What’s more, it worked. The scared shop owner withdrew the weapon from the shop’s offerings after being unable to withstand the nerve-wracking complaints. The same also happened to a store out in California, which faced a torrent of inchoate rage from customers and gun-rights netizens for daring to sell a crappy gun that no one was ever going to be forced to buy. Rather than take the tiniest risk that the gun might find a market, violence-tinged rage and paranoia from well-armed gun nuts ensured that the market never got a chance to give the weapon a failing grade.
Quite frankly, this is all very telling from both the political and psychological points of view. The slightest hint that such a gun might prove popular, however unlikely that might be, has to be actively squashed because it suggests that there might exist a cheap and easy way to practically limit firearms access to those not authorized — either through ownership or some other way — to use a gun. It suggests a world where free choice as expressed through the market — not the law and government coercion — acts to effectively negate the power of citizen gun wielders. Imagine, for example, if such technology caught on and got cheaper and more effective as time went on, as inevitably all technology does?
What if governments began giving tax breaks to those who bought such weapons, effectively subsidizing responsible gun ownership?

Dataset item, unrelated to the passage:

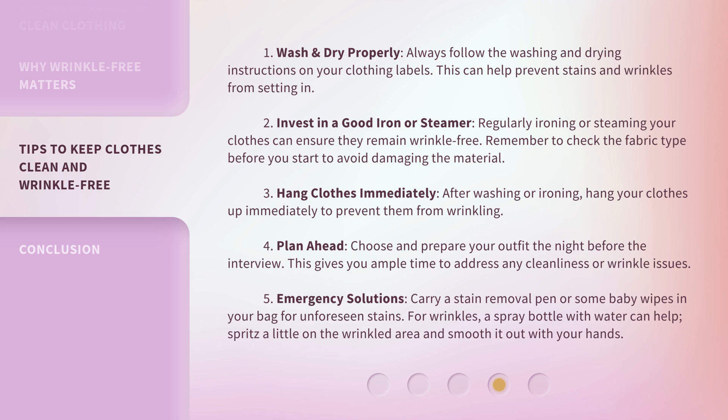Tip 2: Invest in a good iron or steamer. Regularly ironing or steaming your clothes can ensure they remain wrinkle-free. Remember to check the fabric type before you start to avoid damaging the material. Tip 3: Hang clothes immediately. After washing or ironing, hang your clothes up immediately to prevent them from wrinkling.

As more people adopted such weapons and non-smart weapons began to diminish in number, think what might happen if jamming technology to make the gun inoperable spread into the hands of average consumers. What if businesses and organizations, for instance, could really impose “gun free” zones by installing jamming devices that interfered with smart gun signals?
Imagine whole neighborhoods where people elect to install such jammers — would they not become safer? The data clearly says so, and if the data is right, those places would instantly become desirable places to live. Insurers, for instance, might give customers a discount for living in such an area and property values there might rise. Slowly but surely, financial incentives would be built against living in non-jamming or against owning non-smart weapons, even as firearms ownership — already on the decline without this technology — decays into an anachronism as no one sees the need to keep and bear arms. Overnight, by historical standards, an entire industry and culture would be erased from American society without a single shot, so to speak, having been fired.
Thus, the right’s fear and loathing of the smart gun reveals what is really going on here. The NRA and its ilk are protecting their economic and political power from this type of scenario, while the slack-jawed yokels who derive their entire identity from being able to carry a loaded pistol into a post office or an AR-15 to a local PTA meeting are protecting their perceived cultural status in the wider community. They see clearly and fear what others — especially the anti-gun left — don’t seem to understand: the true threat to America’s gun culture is not that it will be crushed by government, but that people, if given the choice, will freely give it up if presented with a viable alternative.
To the NRA and the gun nuts, that’s exactly the wrong type of freedom Americans should have.